Financial paperwork is piling up. Documents requiring my signature, some requiring witness by a notary, stare at me accusingly as if I were looking into a mirror. What can I do today? I ask it feebly, hoping the fact that it’s Sunday will offer me a reprieve. No, that doesn’t work. The paperwork seems to reshuffle itself, making the sheets no requiring a notary more visible and obvious. I cover the documents with credit card receipts I have yet to record on my spreadsheet. I am documenting my expenses the way my wife did; the receipts will not be discarded or shredded until there is no possibility I will need them for either tax purposes or evidence in disputes about charges, etc. I think the carcasses of two forests litter my house in the form of receipts, books, and other paperwork.
What difference would it make if I were to finish my cup of coffee, get in my car, and drive away from this house, never to return? A brief period of chaos and questions would follow, but the breadth and depth of the chaos would be relatively minor. The questions might remain for a few months or even a few years, but eventually they would dissolve into time. My disappearance would be like most others. It would be unexpected—and unimportant except to a microscopic sampling of the human race. But to that tiny sample, it would reverberate like a bass drum in a network of caves. In terms of impact, I equate it with the upset caused when an anthill is disturbed. Chaos erupts, with ants scurrying about in seemingly random movement at high speed. But the chaos quickly calms, leaving little evidence of the intense disorder that followed the upset. Not to worry. I will return if I can.

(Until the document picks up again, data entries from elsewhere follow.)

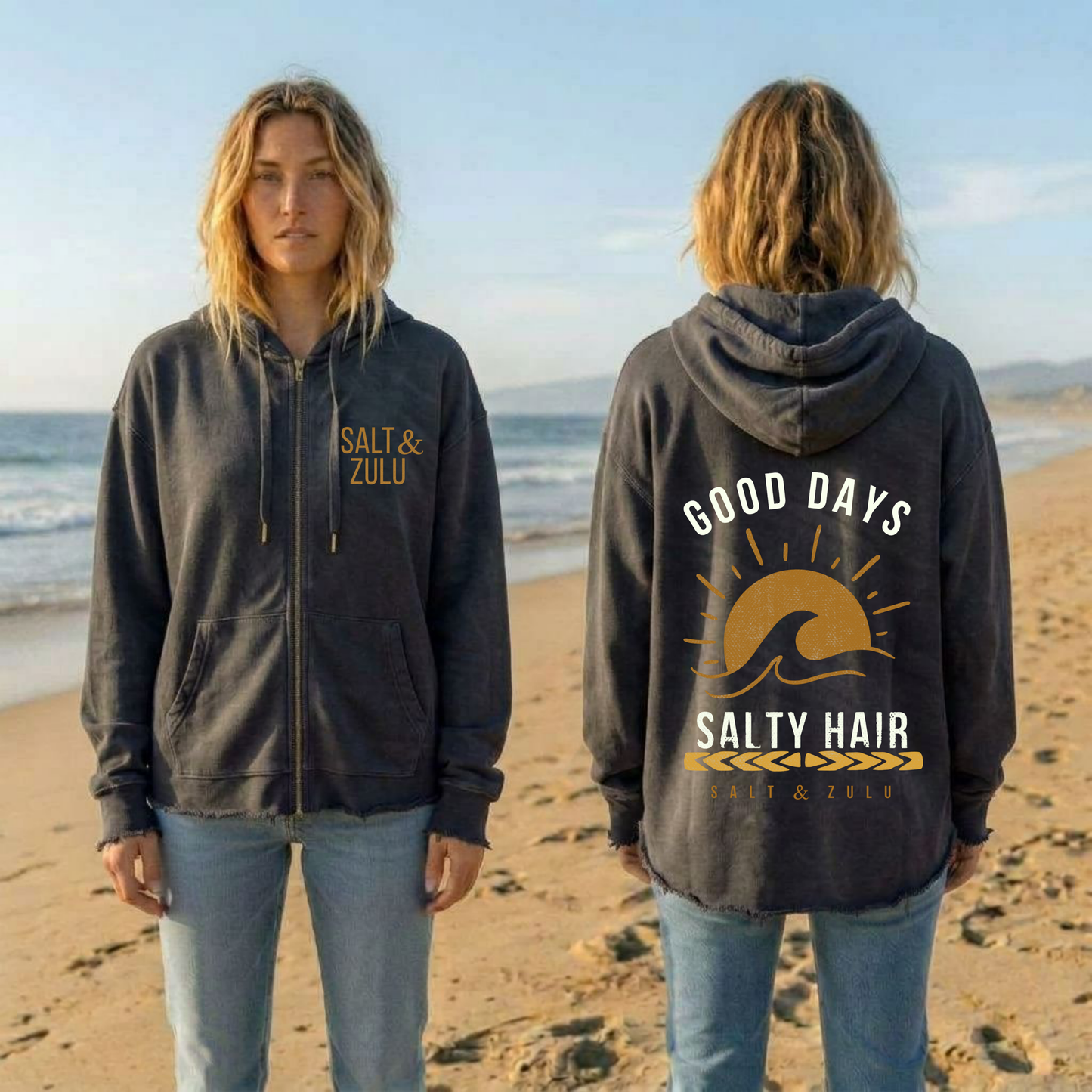 Good Days Wave Wash - Women’s Hoodie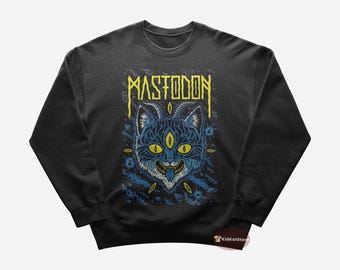 Mastodon Sweatshirt | Metal Music Sweatshirt | Divinations | Leviathan | Iron Tusk | High Road | Mastodon Merch | Crewneck Sweatshirt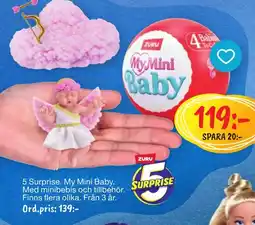 Leklust 5 Surprise My Mini Baby erbjuda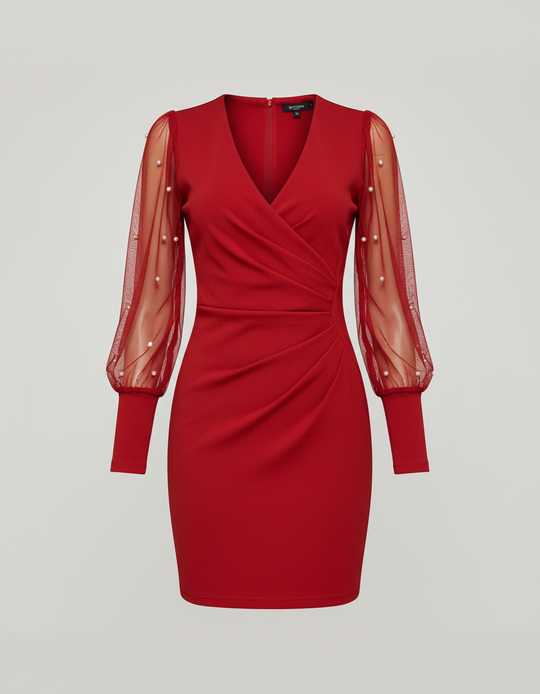 Festliches Spitzen Cocktailkleid Damen | R&B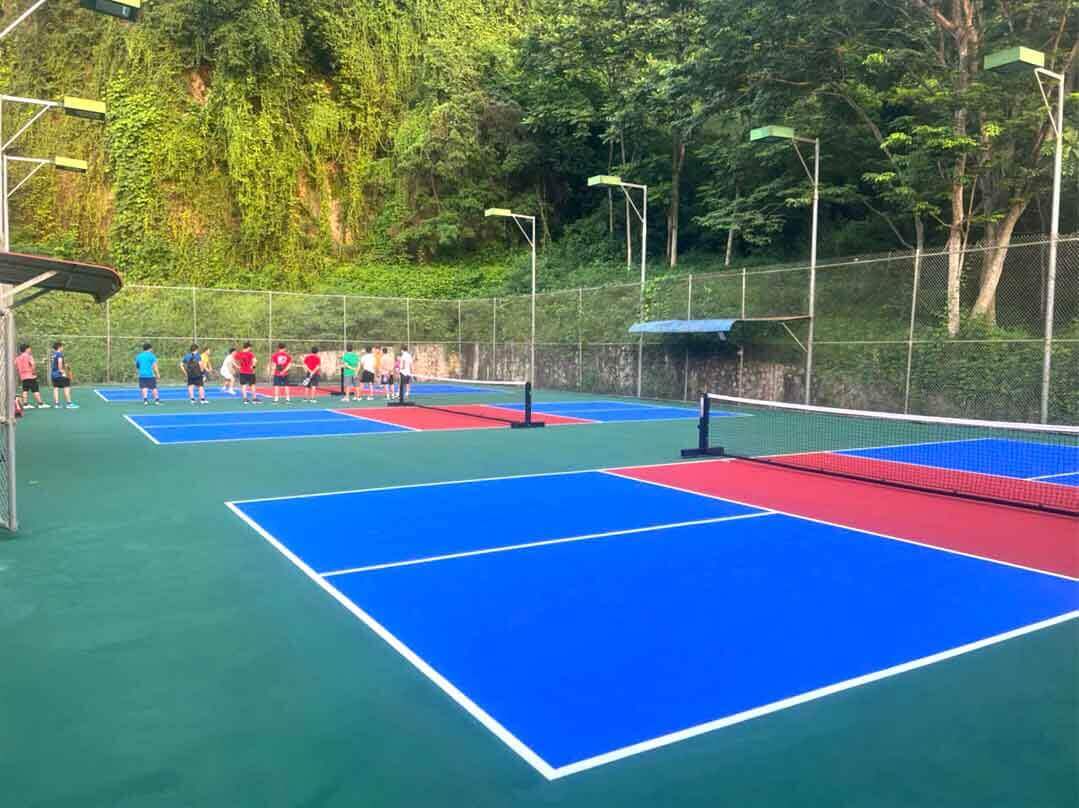 sân pickleball cho sàn bê tông và Asphalt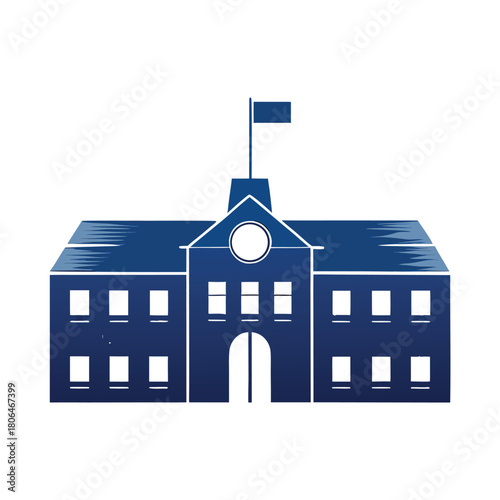 Beacon of Knowledge: A dignified university building stands tall against a plain background, its architectural splendor hinting at the pursuit of wisdom.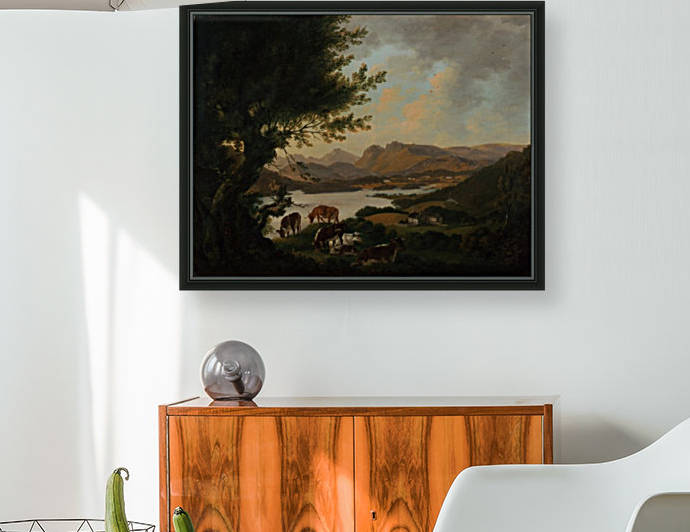 Lake Windermere by Julius Caesar Ibbetson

Facebook reminded me, just now, of something I wrote five years ago today. In light of my post yesterday, it seems incredibly coincidental. There’s that synchronicity again.
Fifty years from now, nobody will remember your name, nor will anyone care that you lived or died. Don’t fret; you’re not alone in that brutal reality. Billions and billions have gone before you. You’ll be unique if you’re more than a footnote to history five years hence. We pay too much time wondering about our legacies. We should ignore that line of thought entirely and, instead, behave as if we were uninhibited seventeen year old kids. Maybe THAT will leave a memory worthy of the concept of remembrance.
Somehow, the artifice of time has gotten away from me. It’s just after 7 and I need to begin to acknowledge daylight.